Richard and Mayumi Heene, the parents of the boy falsely reported to have floated away in a homemade balloon last month, will plead guilty in a deal to ensure Mayumi, a Japanese citizen, averts the possibility of deportation that any felony conviction could bring, according to news reports Thursday.
Mr. Heene will plead guilty to the more serious felony charge of attempting to influence a public servant, the Associated Press reports, while his wife, Mayumi, will plead guilty to false reporting to authorities, a misdemeanor.
Prosecutors have reportedly agreed to allow the Heene couple to serve probation sentences.
The balloon boy tale began Oct. 16, when the Heene parents called authorities in an apparent panic about their six-year-old son. They said he had floated away in a helium balloon that had been tethered down in their Fort Collins, Colo., backyard. The ensuing spectacle transfixed much of America, as TV channels switched to live footage of the silver balloon rushing through the air, and police cars following on the ground below.
The drama continued after the balloon landed in a field 50 miles away – with no boy inside. Police and firefighters then began a massive search to find the boy, Falcon, who emerged a few hours later from the attic of his garage.
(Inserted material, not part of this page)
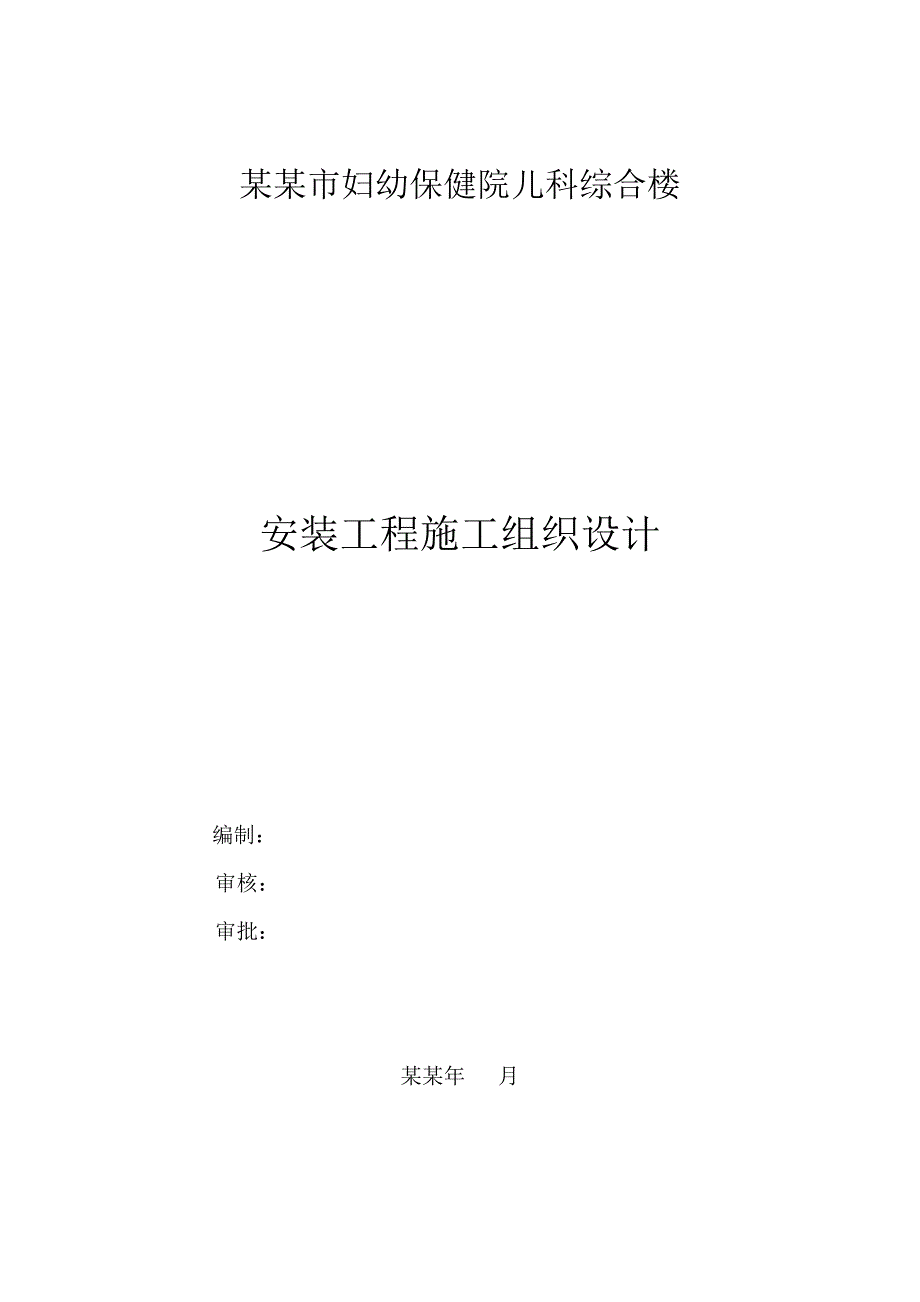 安阳市妇幼保健院儿科综合楼水电施工组织设计.doc_第1页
Relief soon turned into suspicion. At first, Falcon had said he hid to avoid being reprimanded for letting the balloon loose. That explanation punctured in a family appearance on "Larry King Live" that same night. On the show, when Falcon was asked whether he had heard his parents calling for him, the boy looked at the father and blurted, "You guys said we did this for the show."
Local police then questioned the family again and announced that the whole story had been a hoax perpetrated by the parents to get publicity in the hopes of landing their own reality TV show.
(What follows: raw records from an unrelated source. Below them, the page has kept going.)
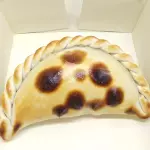 Empanada de Carne Suave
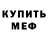 Amphetamine Розовый Nikita Odegaard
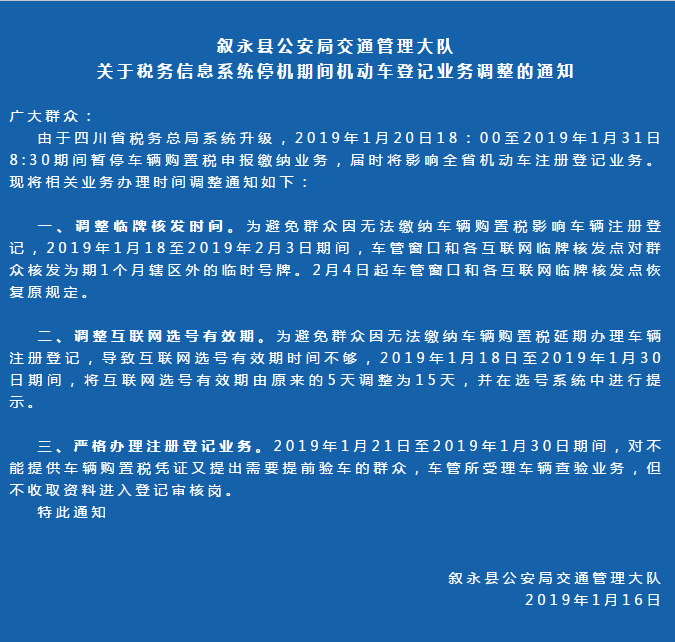 微信图片_20190117093258.png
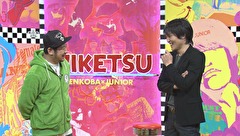 にけつッ！！　＃１１９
The Heene family had earlier appeared on ABC's reality show "Wife Swap," and Richard Heene, a storm chaser, was said to have wanted a show of his own called "The Science Detectives" or "The Psyience Detectives." (After the incident, Lifetime Television channel decided to yank from its fall schedule the rerun episode of "Wife Swap" featuring the Heenes.)
"It was done with the hope of marketing themselves for a reality TV show in the future," Larimer County Sheriff Jim Alderden said. The most serious charges the sheriff recommended would have carried a maximum sentence of six years imprisonment.
It was Mrs. Heene who admitted the incident was a hoax, according to reports.
"Unfortunately, the prosecutors insisted upon a package deal where Richard would have to fall on his sword and take a felony plea despite the fact that he made no incriminating statements to law enforcement, and Mayumi's statements could not be used against him," Lane said Thursday to AP.
Without a deal, Richard could have gone to trial and been acquitted but Mayumi might have ended up being deported, Lane said. "That was not an acceptable risk, thus these pleas."
Heene's lawyer criticized the sheriff for violating privacy laws by disclosing at his press conference that child welfare workers were involved in the investigation. But news reports Tuesday said that Boulder County's district attorney had decided no criminal charges are warranted against the sheriff.